Ahora será trasladado al cementerio sacramental de San Isidro, donde reposan los restos mortales de varios familiares del político, como su hermano Miguel Primo de Rivera y Sáenz de Heredia, que fue ministro con Francisco Franco; su hermana Pilar Primo de Rivera, fundadora de la Sección Femenina de Falange o su tío Fernando Primo de Rivera y Orbaneja, hermano del dictador que murió en Marruecos durante la Guerra del Rif.

El dictador Miguel Primo de Rivera y Orbaneja, padre de José Antonio, también estuvo enterrado en el recinto ubicado en el distrito madrileño de Carabanchel, pero sus restos fueron trasladados a Jerez en 1947.

Grupos falangistas se concentran para rendir homenajear a Primo de Rivera

Los cerca de 200 falangistas que se concentraron este lunes frente al cementerio de San Isidro esperando a la llegada de José Antonio Primo de Rivera han roto el cerco policial y forcejeado con los agentes en el momento de la llegada del coche fúnebre que transportaba los restos del fundador de La Falange Española. 

Con gritos de "Arriba España", "Gobierno criminal" y "Primero asesináis y luego profanáis", los falangistas han forcejeado contra la Policía Nacional cuando han llegado los restos del político, exhumado este lunes del Valle de los Caídos. 

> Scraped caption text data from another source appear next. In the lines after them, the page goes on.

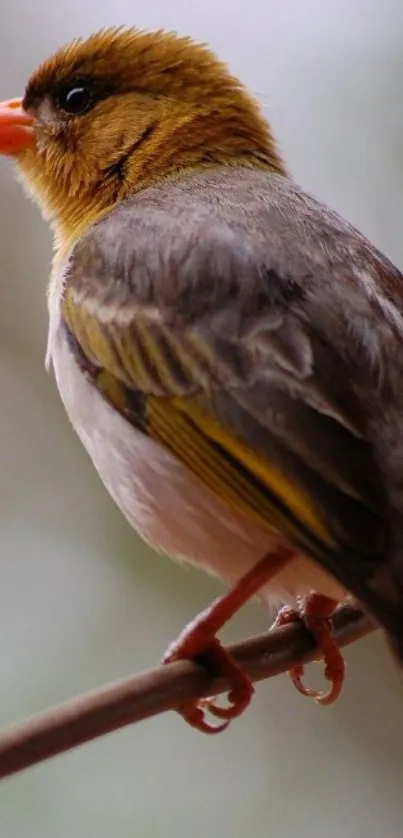 Colorful bird perched on a branch with soft background.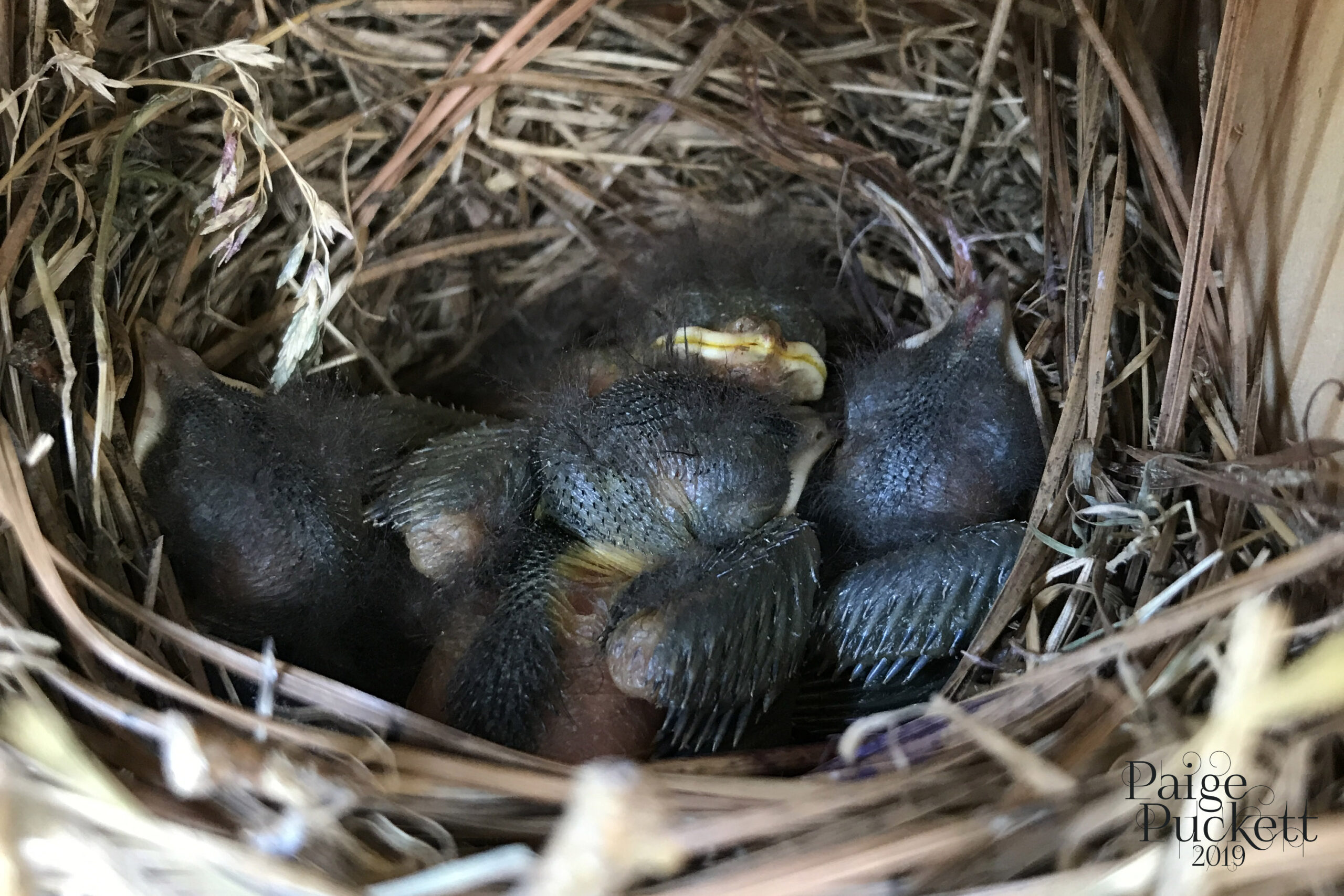 Sleeping baby bluebirds, June 3, 2019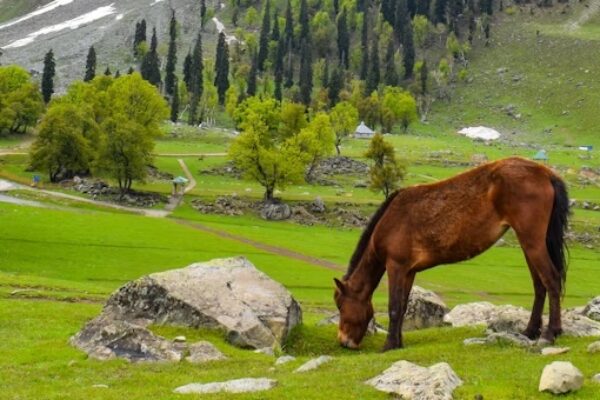 Kashmir 5 Nights/6 Days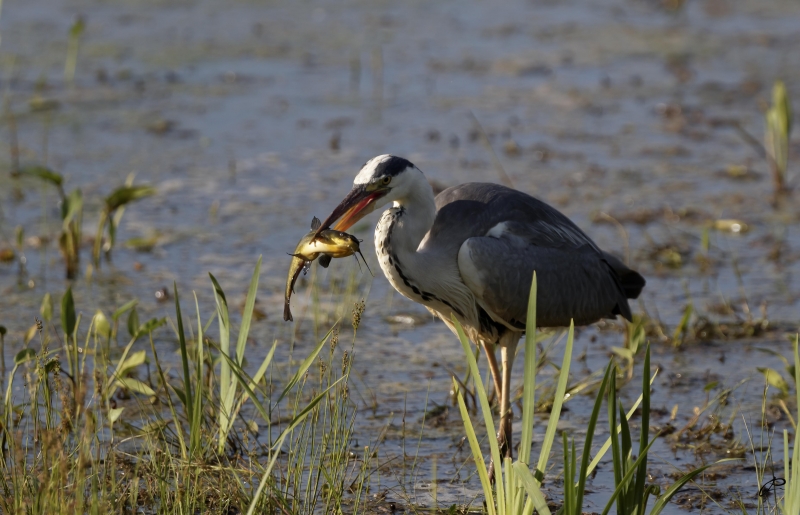 Photo Oiseaux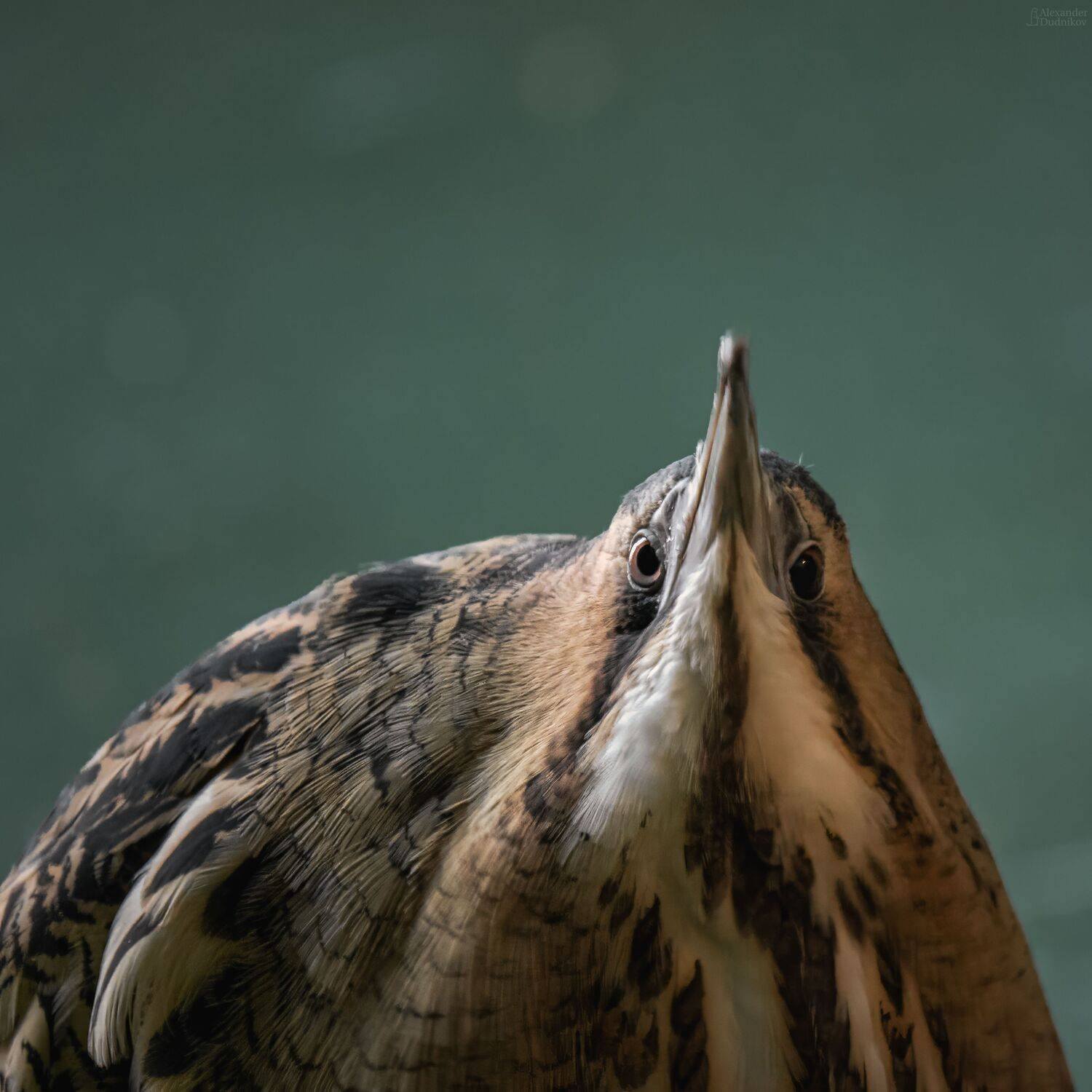 животные, птицы, выпь, портрет животного, animals, birds, animal portrait, aves, Дудников Александр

Los seguidores de José Antonio Primo de Rivera se encontraban en la acera frente al cementerio, pero han logrado muy fácilmente romper la barrera policial desplegada para dicho efecto. 

También se han visto banderas de La Falange y pancartas con la cara de Primo de Rivera con el escrito: "José Antonio Primo de Rivera Presente". Además, algunos falangistas han entonado el Cara al Sol, el himno falangista, con el brazo en alto. 

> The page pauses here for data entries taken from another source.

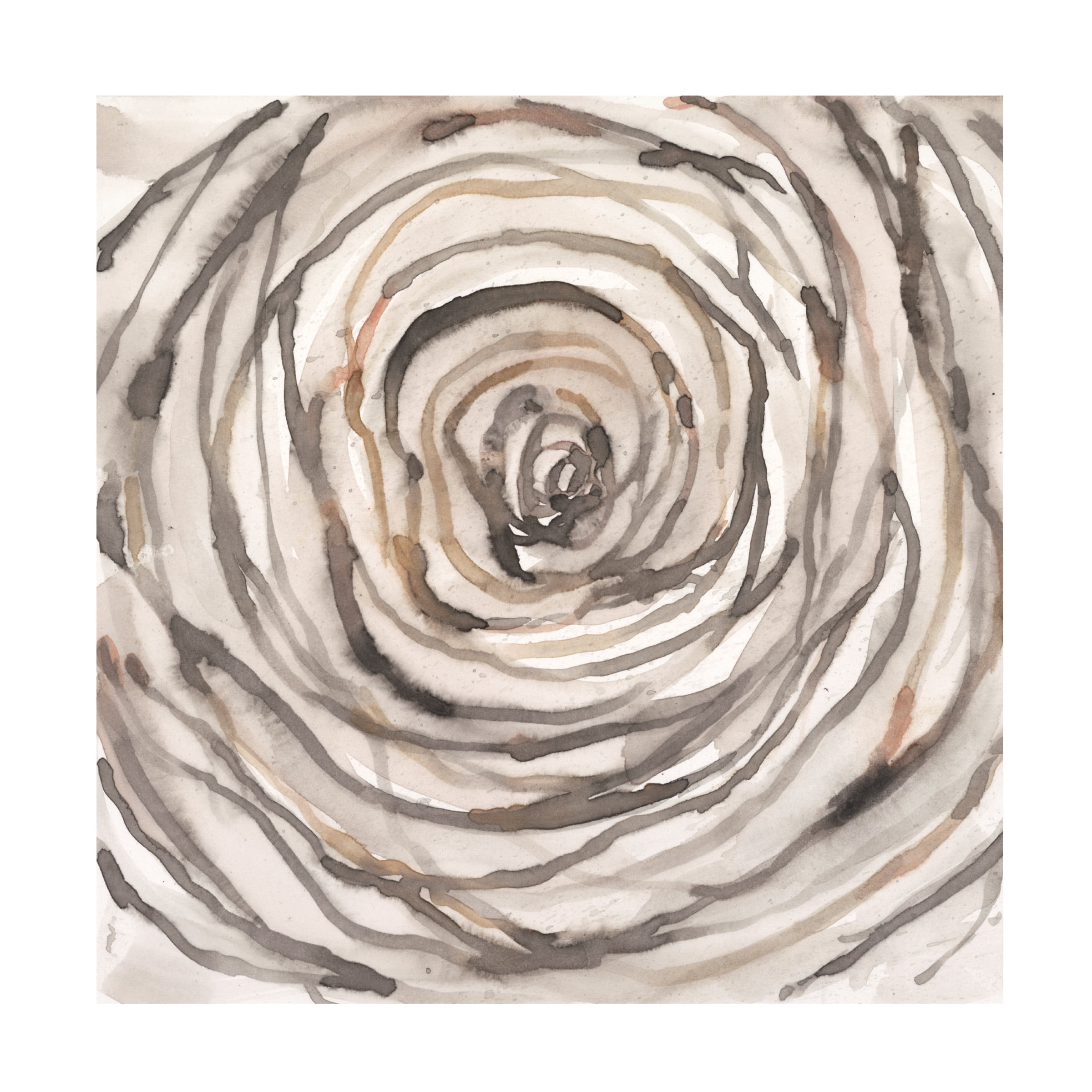 Samuel Dixon 'Twisted Branch I' Canvas Art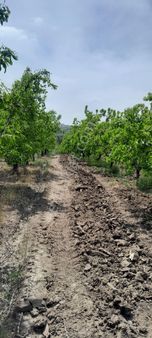 Elmas Gayrimenkul Den Ahmetbeyde Kaçırılmayacak Fırsat Armut Bahçesi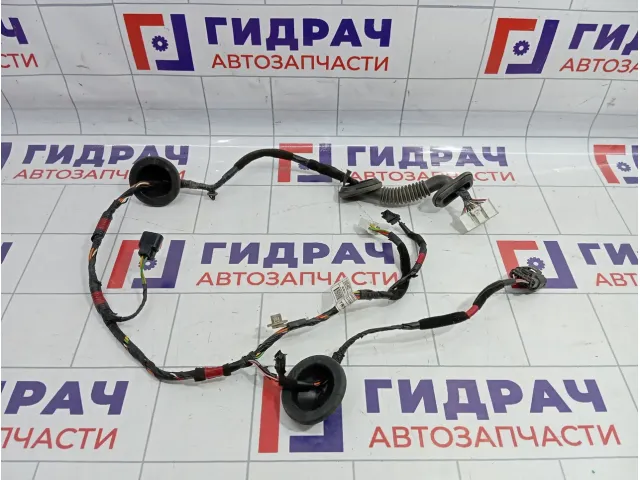 Проводка двери задней левой Hyundai i30 (GD) 91650A6020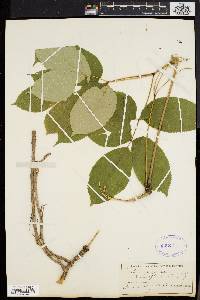 Aralia nudicaulis image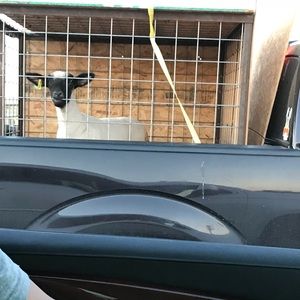 Meet your Posher, Elizabeth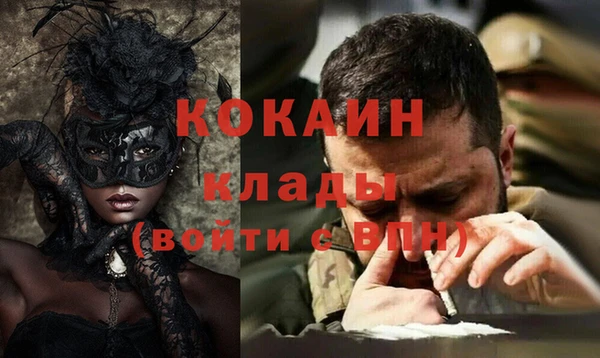 бошки Ладушкин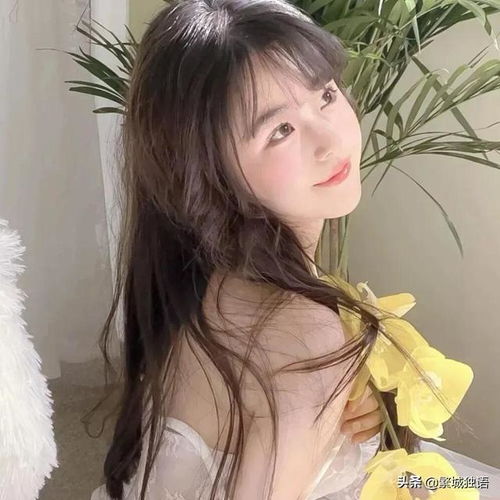 永不说再见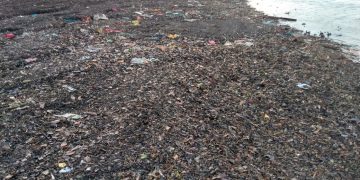 MARAGOGI — Após chuvas, praia de São Bento é tomada por lixo.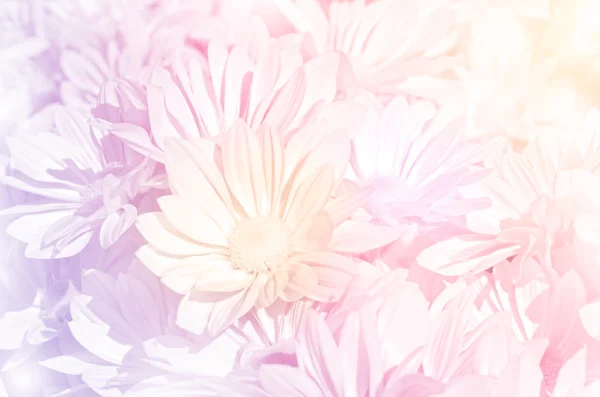 Spray typ av krysantemum i pastell ton. — Stockfoto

Coches de la Guardia Civil en el Valle de Cuelgamuros. SERGIO PÉREZ (EFE)
Coches de la Guardia Civil en el Valle de Cuelgamuros, este lunes. SERGIO PÉREZ (EFE)

Además de la concentración del lunes, está previsto que se lleve a cabo otro homenaje en los próximos días en la nueva ubicación de los restos del fundador de la Falange, hijo de Miguel Primo de Rivera, que dio un golpe de Estado y gobernó España entre 1923 y 1930.

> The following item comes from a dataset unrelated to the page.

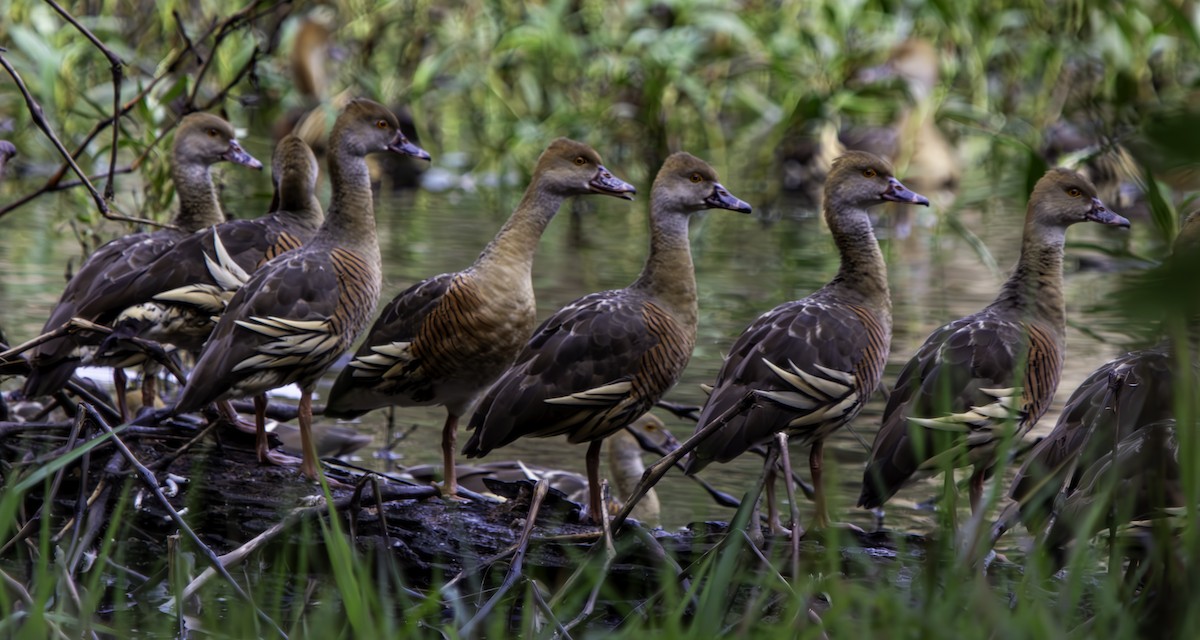 Plumed Whistling-Duck - Rebel Warren and David Parsons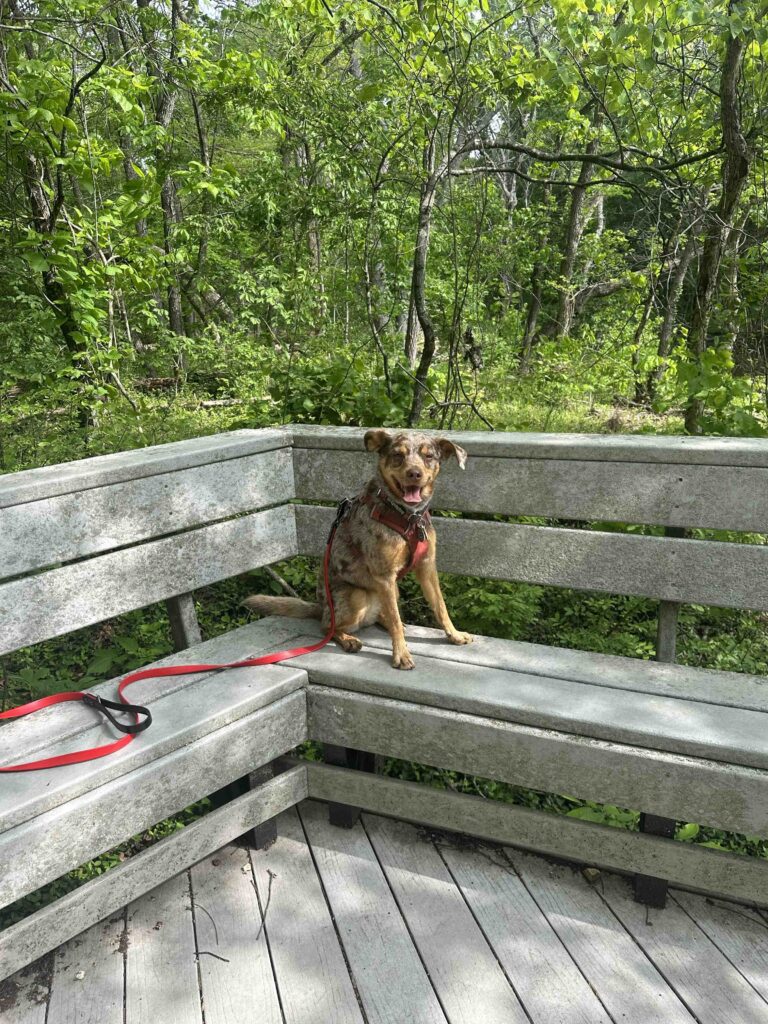 all smiles on the observation deck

Quinto entierro del fundador de la Falange

Este será el quinto entierro del fundador de José Antonio Primo de Rivera, que fue fusilado en la cárcel de Alicante en 1936 y enterrado en una fosa común. Dos años después sus restos mortales se colocaron en un nicho, en el mismo lugar. Una vez finalizada la Guerra Civil, en 1939, fue exhumado de nuevo y llevado desde Alicante hasta El Escorial.

Su ataúd fue acarreado a pie por falangistas durante diez días, pasó por Aranjuez, recorrió la Gran Vía de Madrid y entró en el monasterio de El Escorial el 30 de noviembre de 1939. Allí fue recibido por Franco y enterrado junto al altar mayor de la basílica.

Años después, en noviembre de 1959, cambió otra vez de ubicación, el día antes de que se inaugurase el Valle de los Caídos, y quedó enterrado en un lugar de honor en la basílica de Cuelgamuros. Ahora volverá a ser reubicado por deseo expreso de la familia, que se adelantó a la aprobación de la Ley de Memoria y solicitó al Gobierno su salida del Valle.

De este modo sus familiares pretenden dar cumplimiento a la petición del propio Primo de Rivera, que dejó escrito en su testamento que quería descansar en un cementerio católico. Desde el pasado octubre, con la entrada en vigor de la ley, el Valle se convirtió en cementerio civil.

Vista del panteón del dictador Francisco Franco en el cementerio de El Pardo-Mingorrubio, el pasado viernes. JAVIER LIZÓN (EFE)
Los restos de otro dictador, Francisco Franco, fueron trasladados del Valle de los Caídos al cementerio de El Pardo-Mingorrubio. En la imagen, vista de su panteón el pasado viernes. JAVIER LIZÓN (EFE)

Posibles sanciones

Respecto a posibles sanciones que el Gobierno pudiera aplicar por los homenajes a Primo de Rivera, los partidos falangistas se muestran convencidos de que no existe base jurídica para sancionarles, ya que realizan un homenaje a una víctima de la Guerra Civil, según argumentan.

El Gobierno ya abrió un expediente a Falange por varias manifestaciones que se produjeron el pasado 20 de noviembre. Señalan sin embargo que el proceso se encuentra detenido y que la Secretaría de Memoria Democrática, que depende del Ministerio dirigido por Félix Bolaños, les trasladó en marzo que abría un periodo de tres meses –hasta junio– para recabar más información y poder aplicar posibles sanciones.